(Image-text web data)
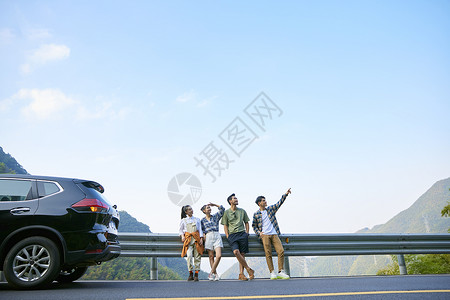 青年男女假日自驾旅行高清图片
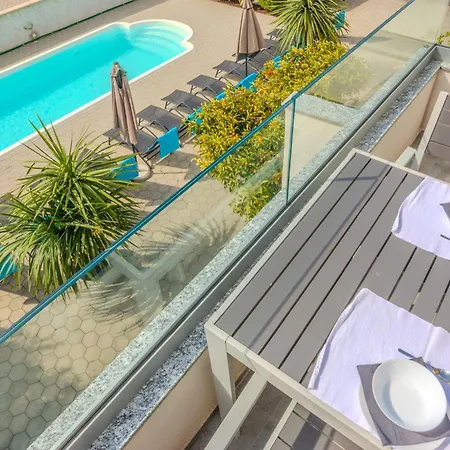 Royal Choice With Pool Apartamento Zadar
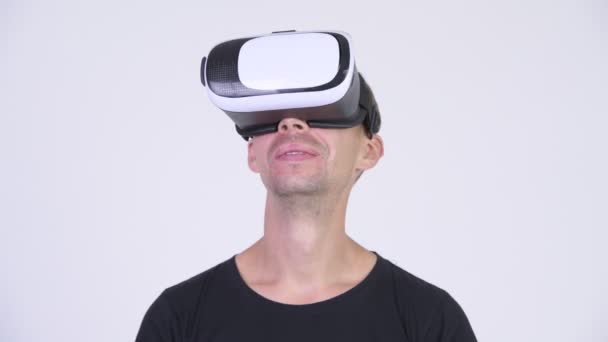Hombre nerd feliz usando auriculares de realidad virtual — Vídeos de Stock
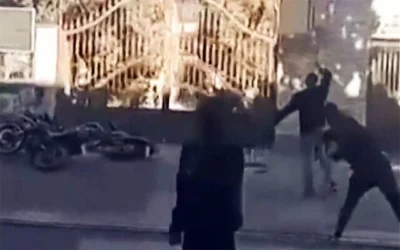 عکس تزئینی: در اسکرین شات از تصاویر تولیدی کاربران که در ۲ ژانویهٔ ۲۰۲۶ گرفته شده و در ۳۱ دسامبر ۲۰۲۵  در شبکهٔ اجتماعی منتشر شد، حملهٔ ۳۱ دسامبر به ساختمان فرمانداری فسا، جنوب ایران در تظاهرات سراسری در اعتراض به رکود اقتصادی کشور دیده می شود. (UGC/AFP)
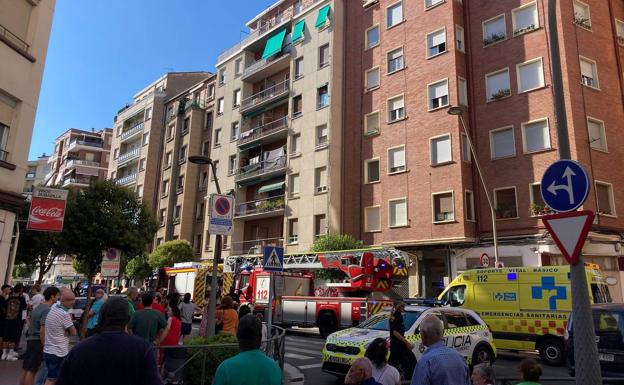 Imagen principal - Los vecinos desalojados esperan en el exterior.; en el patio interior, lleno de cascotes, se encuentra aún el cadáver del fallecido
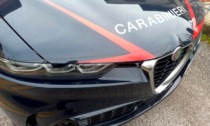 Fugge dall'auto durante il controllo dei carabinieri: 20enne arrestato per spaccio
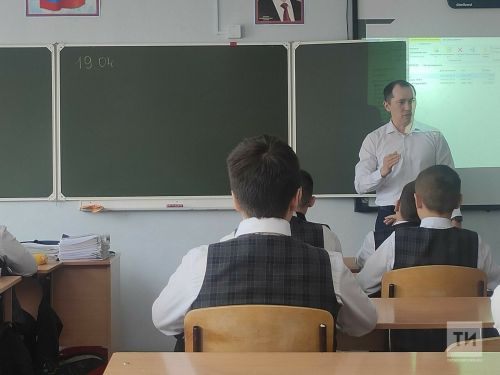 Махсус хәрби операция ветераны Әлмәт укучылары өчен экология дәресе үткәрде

■ **YOUR OBJECTIVE**
Exactly the lines from the line containing "Royal Choice With Pool Apartamento Zadar" to the end of the records need to be copied, both ends included, with pictures left out.

■ **EXERCISE SOLUTION**
 Royal Choice With Pool Apartamento Zadar
Hombre nerd feliz usando auriculares de realidad virtual — Vídeos de Stock
 عکس تزئینی: در اسکرین شات از تصاویر تولیدی کاربران که در ۲ ژانویهٔ ۲۰۲۶ گرفته شده و در ۳۱ دسامبر ۲۰۲۵  در شبکهٔ اجتماعی منتشر شد، حملهٔ ۳۱ دسامبر به ساختمان فرمانداری فسا، جنوب ایران در تظاهرات سراسری در اعتراض به رکود اقتصادی کشور دیده می شود. (UGC/AFP)
 Imagen principal - Los vecinos desalojados esperan en el exterior.; en el patio interior, lleno de cascotes, se encuentra aún el cadáver del fallecido
 Fugge dall'auto durante il controllo dei carabinieri: 20enne arrestato per spaccio
 Махсус хәрби операция ветераны Әлмәт укучылары өчен экология дәресе үткәрде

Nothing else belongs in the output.